After reading the entries below, copy word for word the lines from the first through the line containing "Pleated Zipper Hoodie", and stop there.

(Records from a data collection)
================================

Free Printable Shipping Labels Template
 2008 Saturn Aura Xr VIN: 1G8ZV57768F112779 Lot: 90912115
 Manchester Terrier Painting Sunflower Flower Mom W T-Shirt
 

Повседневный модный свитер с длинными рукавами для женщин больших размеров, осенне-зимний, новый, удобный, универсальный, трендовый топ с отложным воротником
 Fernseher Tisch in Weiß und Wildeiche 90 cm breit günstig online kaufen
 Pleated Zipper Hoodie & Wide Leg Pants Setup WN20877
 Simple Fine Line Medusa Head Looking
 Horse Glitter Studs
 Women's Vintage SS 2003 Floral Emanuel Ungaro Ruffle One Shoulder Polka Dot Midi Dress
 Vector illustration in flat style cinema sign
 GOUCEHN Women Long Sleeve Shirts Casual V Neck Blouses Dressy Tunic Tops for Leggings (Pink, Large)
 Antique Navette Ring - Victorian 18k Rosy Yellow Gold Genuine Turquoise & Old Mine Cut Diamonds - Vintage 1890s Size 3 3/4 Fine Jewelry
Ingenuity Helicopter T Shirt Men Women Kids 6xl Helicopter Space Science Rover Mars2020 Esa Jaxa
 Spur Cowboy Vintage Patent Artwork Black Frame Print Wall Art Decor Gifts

================================

Answer to this problem:
Free Printable Shipping Labels Template
 2008 Saturn Aura Xr VIN: 1G8ZV57768F112779 Lot: 90912115
 Manchester Terrier Painting Sunflower Flower Mom W T-Shirt
 

Повседневный модный свитер с длинными рукавами для женщин больших размеров, осенне-зимний, новый, удобный, универсальный, трендовый топ с отложным воротником
 Fernseher Tisch in Weiß und Wildeiche 90 cm breit günstig online kaufen
 Pleated Zipper Hoodie & Wide Leg Pants Setup WN20877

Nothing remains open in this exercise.